Ira Joe Fisher revels in storms and summer quiet, in the natural world that is at the heart of the best lyric poetry, and he moves all he touches "into something living." These Songs are a gift from a great talent: hymns as intricate and delicate as snowflakes to moments which should not pass unnoticed, in any century.
—Nalini Jones author of What You Call Winter
Critics often talk about the voice of a poet. In Ira Joe Fisher's case, many of us already know his literal voice, having begun our weekends with it as we listened to The CBS Early Show. Now we have an opportunity to hear Fisher's poetic voice. Not a man for all seasons—but a man of the seasons and the memories they evoke. If "the lopped-off moon ... on the jagged rags of clouds" or "The tasseled yellow at the top of laddered leaves" or " a smokey-ghost wind works the surface (of Lake Sunapee) like a mason's apprentice" are your kind of lines, then Ira Joe Fisher's Songs from an Earlier Century is your kind of book.
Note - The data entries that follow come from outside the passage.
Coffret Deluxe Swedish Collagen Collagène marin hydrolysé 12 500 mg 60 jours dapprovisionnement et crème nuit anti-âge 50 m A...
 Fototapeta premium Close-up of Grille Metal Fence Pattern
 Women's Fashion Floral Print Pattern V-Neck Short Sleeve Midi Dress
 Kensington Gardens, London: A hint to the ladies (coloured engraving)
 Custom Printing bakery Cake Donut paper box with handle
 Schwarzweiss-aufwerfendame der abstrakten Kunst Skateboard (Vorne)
—Rodger Martin The Worcester Review
"I am finished with asking," writes Ira Joe Fisher. "I am working on accepting. / Your distance." With modest humor and affectionate discourse, with Robert Frost, "that father // mountain," hovering above his New England snowscape, Fisher plies his craft toward diminishing the gap between creation and creator, between substance and spirit. Crushing a bagful of northern spies that yields only a single glassful of cider, Fisher recognizes "more sip in that harvest than drink," yet Songs from an Earlier Century provides, poem by poem, sip by sip, a harvest that slakes our thirst for both authenticity and grace.